Conclusions: The results concluded that C. alternifolius possesses significant protective effect against hepatotoxicity induced by CCl₄.

Keywords::

• LD₅₀
• liver damage
• marker enzymes
• total bilirubin
• cholesterol
• triglycerides

Introduction

The genus Cyperus is a large genus of the sedge family, Cyperaceae. Members of Cyperaceae are monocotyledon, grass-like, flowering plants, commonly found in wet areas and known as sedges (Gregory & Cutler, 1960). The Cyperaceae is rich in secondary metabolites including tannins, phenolic acids, flavonoids (Trease & Evans, 1976), coumarins (Sharma, 1993) and sesquiterpenoids (Morimoto et al., 1999). The genus Cyperus comprises about 550 species which are widely distributed all over the world (Vare & Kukkonen, 2005). The most common species includes Cyperus alternifolius L (umbrella sedge). Phytochemical study on the aerial parts of Cyperus species led to isolation of flavonoids and coumarins (Sayed et al., 2008) as the most important constituents (Yu et al., 2007).

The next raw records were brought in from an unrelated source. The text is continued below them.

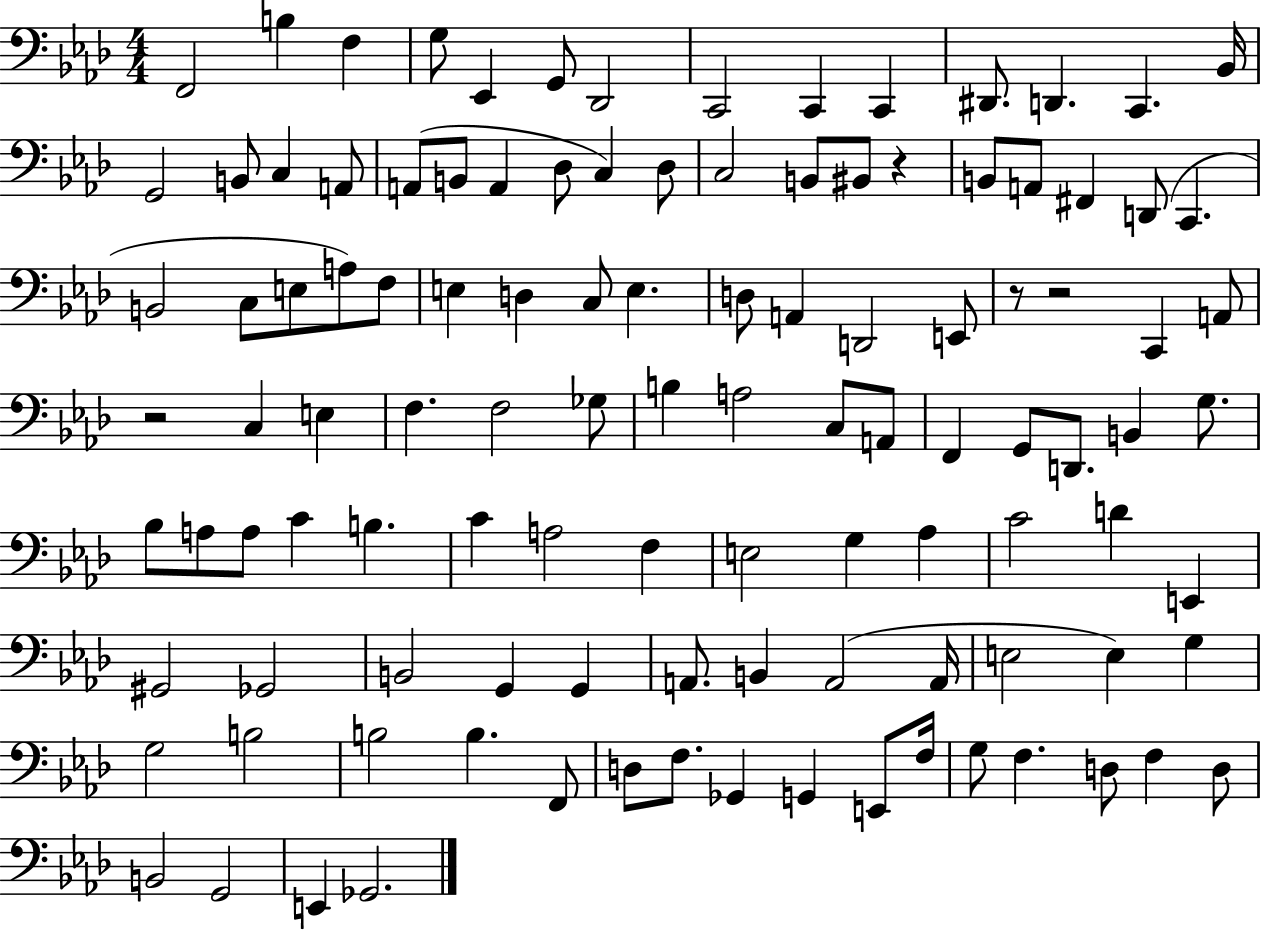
X:1
T:Untitled
M:4/4
L:1/4
K:Ab
F,,2 B, F, G,/2 _E,, G,,/2 _D,,2 C,,2 C,, C,, ^D,,/2 D,, C,, _B,,/4 G,,2 B,,/2 C, A,,/2 A,,/2 B,,/2 A,, _D,/2 C, _D,/2 C,2 B,,/2 ^B,,/2 z B,,/2 A,,/2 ^F,, D,,/2 C,, B,,2 C,/2 E,/2 A,/2 F,/2 E, D, C,/2 E, D,/2 A,, D,,2 E,,/2 z/2 z2 C,, A,,/2 z2 C, E, F, F,2 _G,/2 B, A,2 C,/2 A,,/2 F,, G,,/2 D,,/2 B,, G,/2 _B,/2 A,/2 A,/2 C B, C A,2 F, E,2 G, _A, C2 D E,, ^G,,2 _G,,2 B,,2 G,, G,, A,,/2 B,, A,,2 A,,/4 E,2 E, G, G,2 B,2 B,2 B, F,,/2 D,/2 F,/2 _G,, G,, E,,/2 F,/4 G,/2 F, D,/2 F, D,/2 B,,2 G,,2 E,, _G,,2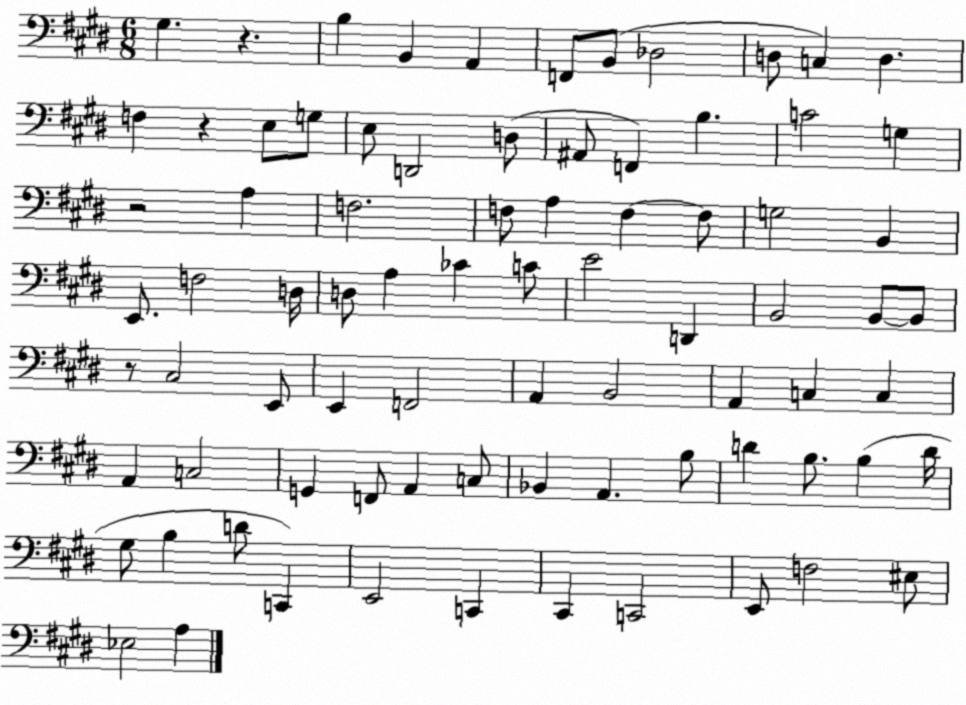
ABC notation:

X:1
T:Untitled
M:6/8
L:1/4
K:E
^G, z B, B,, A,, F,,/2 B,,/2 _D,2 D,/2 C, D, F, z E,/2 G,/2 E,/2 D,,2 D,/2 ^A,,/2 F,, B, C2 G, z2 A, F,2 F,/2 A, F, F,/2 G,2 B,, E,,/2 F,2 D,/4 D,/2 A, _C C/2 E2 D,, B,,2 B,,/2 B,,/2 z/2 ^C,2 E,,/2 E,, F,,2 A,, B,,2 A,, C, C, A,, C,2 G,, F,,/2 A,, C,/2 _B,, A,, B,/2 D B,/2 B, D/4 ^G,/2 B, D/2 C,, E,,2 C,, ^C,, C,,2 E,,/2 F,2 ^E,/2 _E,2 A,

Liver ailments remain a serious health problem (Baranisrinivasan et al., 2009). Various xenobiotics are known to cause hepatotoxicity, one among them is carbon tetrachloride (CCl₄) (Kodavanti et al., 1989), which has proved to be highly useful as an experimental agent for the induction of acute liver injury. Conventional and synthetic drugs used in the treatment of liver diseases are sometimes inadequate and can have serious adverse effects. It is therefore necessary to search for alternatives to replace currently used drugs of doubtful efficacy and safety (Arhoghro et al., 2009). Natural remedies from medicinal plants are considered to be effective and safe alternative treatments for hepatotoxicity (Awaad et al., 2006; Awaad & Al-Jaber, 2010). The current study was undertaken to evaluate the potential protective effect of C. alternifolius on CCl₄-induced hepatotoxicity in rats.

Materials and methods

Plant material

The aerial parts of C. alternifolius were collected during the flowering stage in March 2005 from Orman Garden, Egypt. The sample was kindly identified by Dr. M. Gebali, botanist, and by comparison with the published plant description (El-Gohary, 2004). A voucher specimen has been deposited in the herbarium of the Desert Research Center. Plant material was air-dried in shade, reduced to fine powder, packed in tightly closed containers and stored at room temperature for phytochemical and biological studies.

Extraction

The air-dried powder of C. alternifolius aerial parts (1 kg) was extracted by percolation in 90% ethanol (Awaad et al., 2006) at room temperature for 2 days. The ethanol extract was filtered and the residues were re-percolated for four times. The total ethanol extract was concentrated under reduced pressure at a temperature not exceeding 35°C to yield a dry extract of 190 g.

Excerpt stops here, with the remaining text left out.